All lines below between the line with "5K Ultra HD" and the line with "Fonte de Alimentação Fixa 0.5A 6W 12V ORNO 1", including both, must be copied exactly, and the pictures must be omitted.

**SOURCE DATA**
......
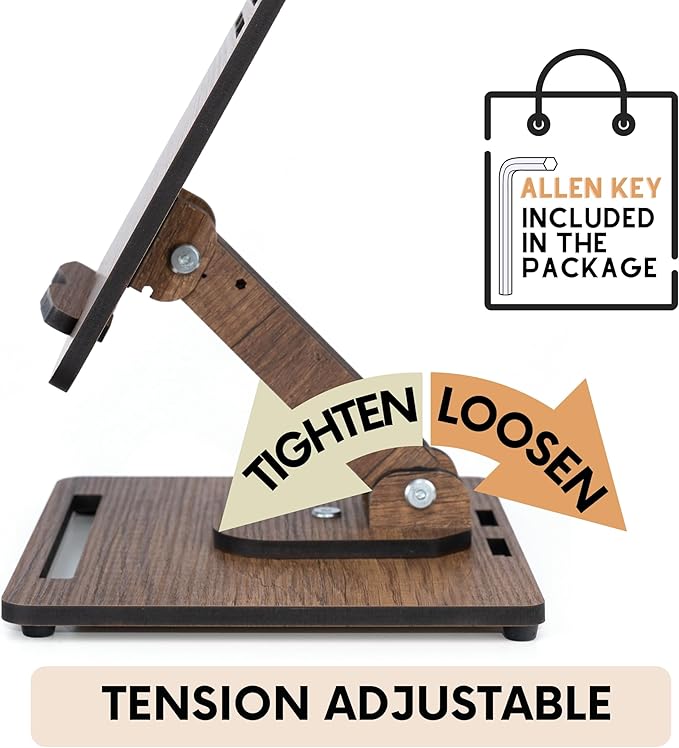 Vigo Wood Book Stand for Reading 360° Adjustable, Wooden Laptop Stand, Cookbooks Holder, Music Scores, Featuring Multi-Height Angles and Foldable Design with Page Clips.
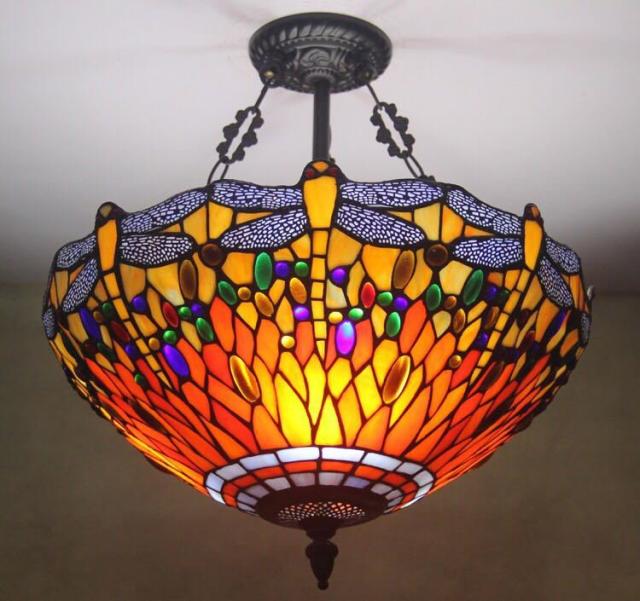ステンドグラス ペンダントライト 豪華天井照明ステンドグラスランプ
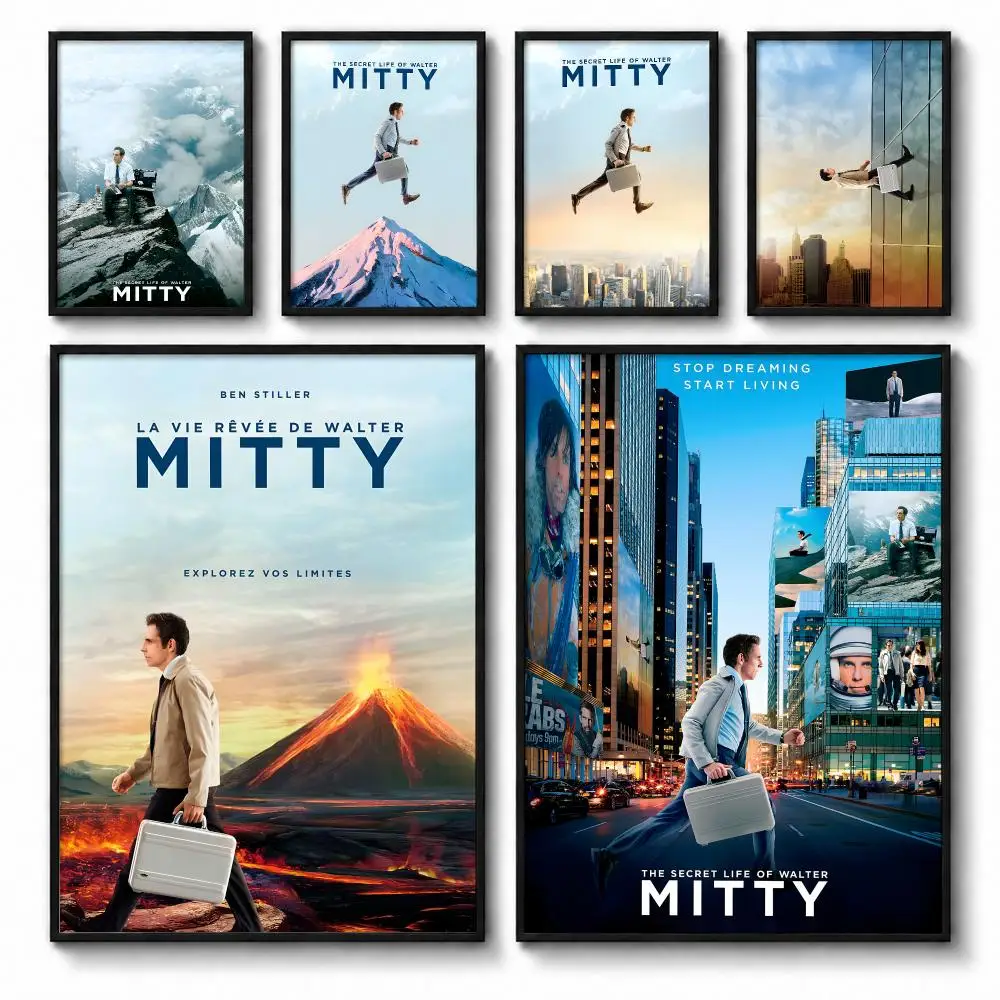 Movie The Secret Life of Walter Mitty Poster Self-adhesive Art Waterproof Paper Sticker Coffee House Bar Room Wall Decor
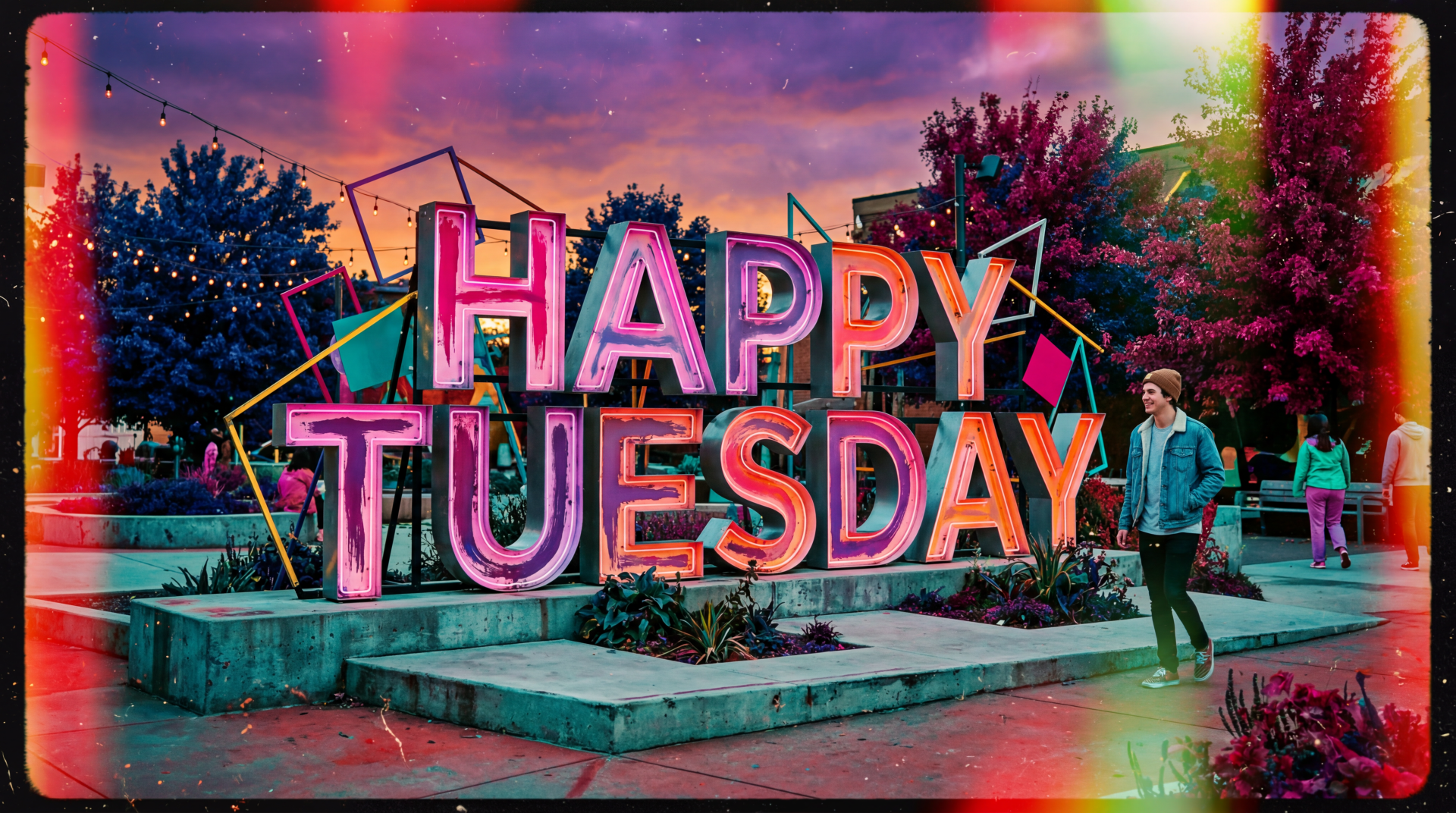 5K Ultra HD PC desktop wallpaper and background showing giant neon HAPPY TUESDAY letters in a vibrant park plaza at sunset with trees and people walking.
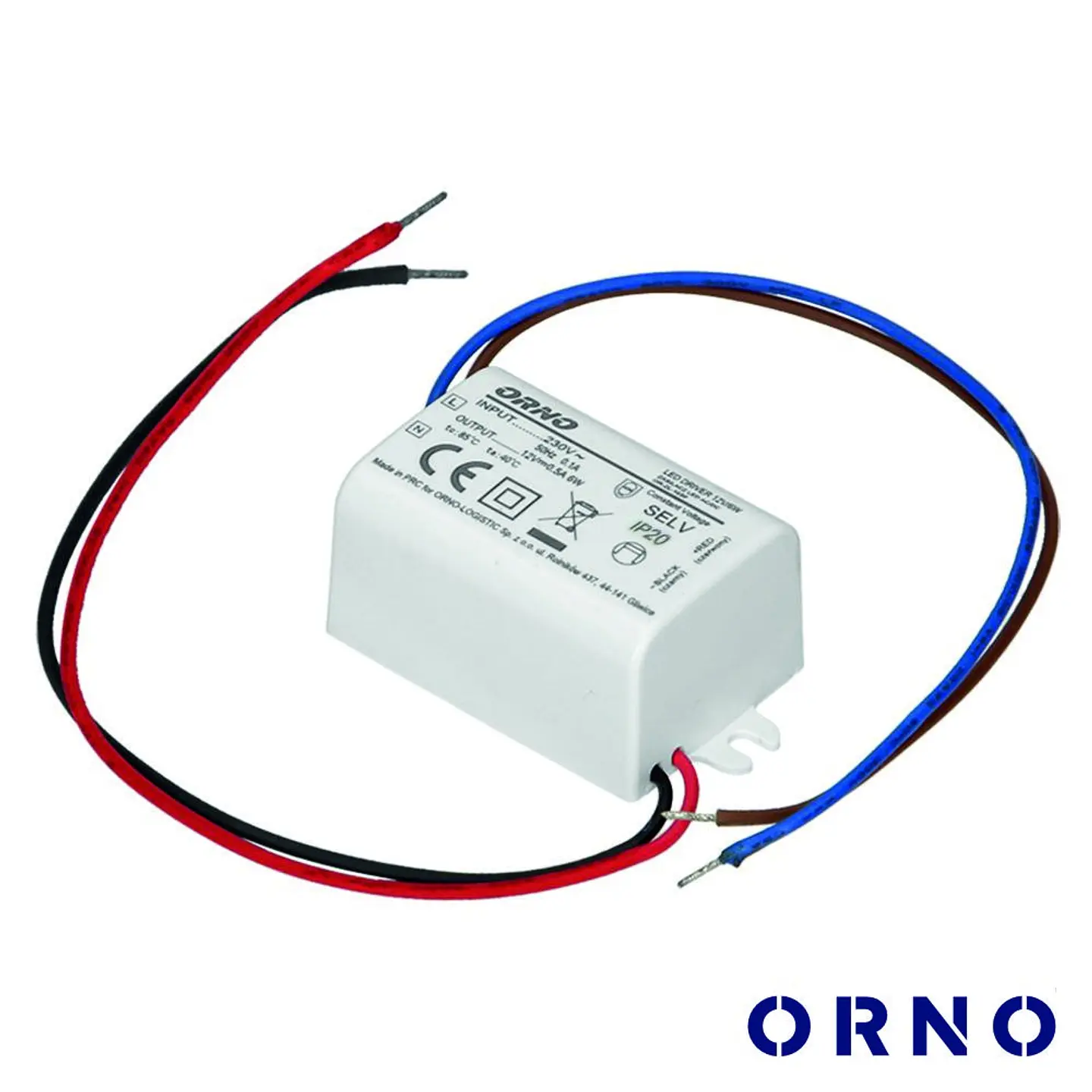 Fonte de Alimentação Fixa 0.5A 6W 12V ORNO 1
......
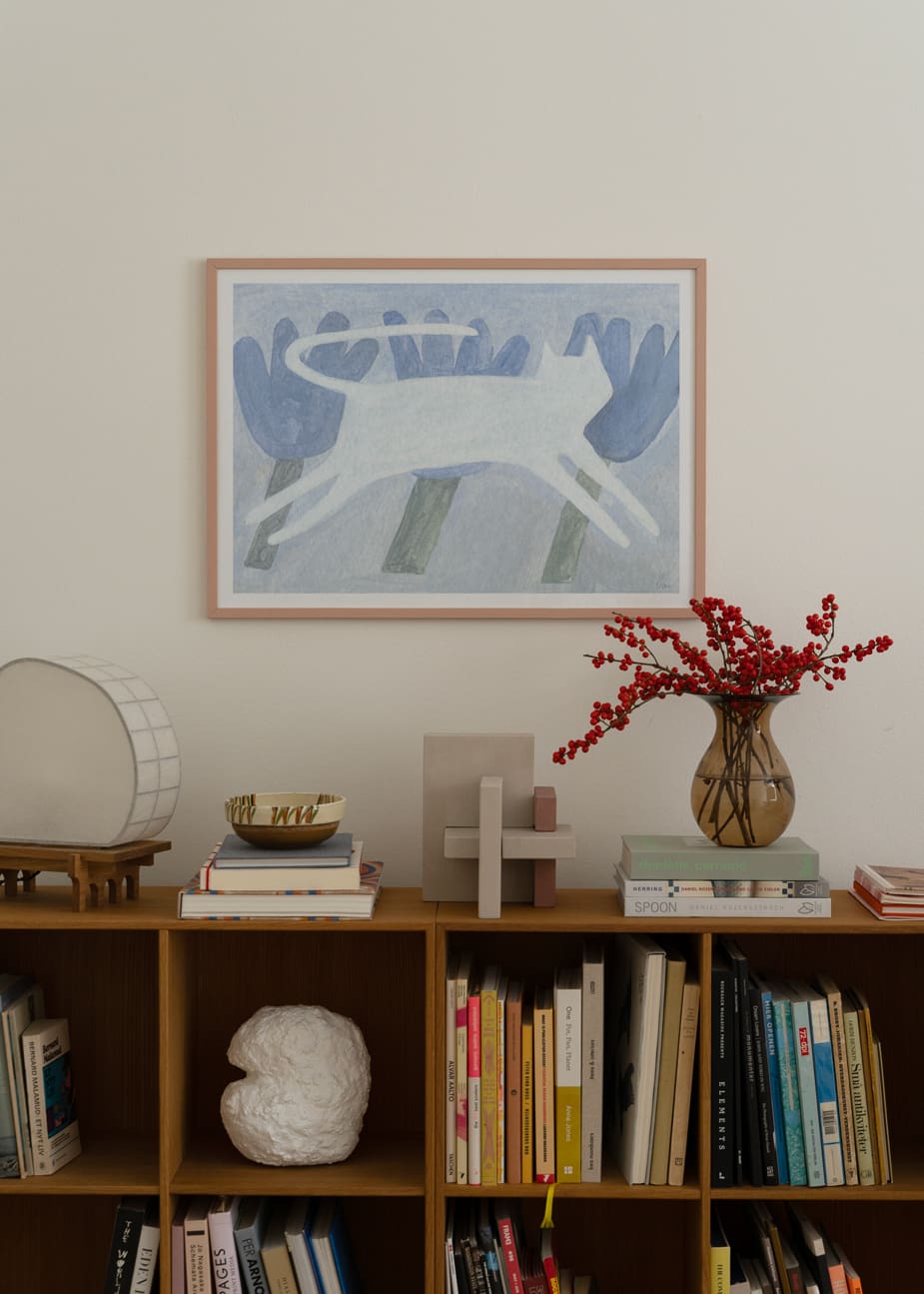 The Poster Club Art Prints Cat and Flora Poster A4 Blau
......
**TASK RESULT**
 5K Ultra HD PC desktop wallpaper and background showing giant neon HAPPY TUESDAY letters in a vibrant park plaza at sunset with trees and people walking.
 Fonte de Alimentação Fixa 0.5A 6W 12V ORNO 1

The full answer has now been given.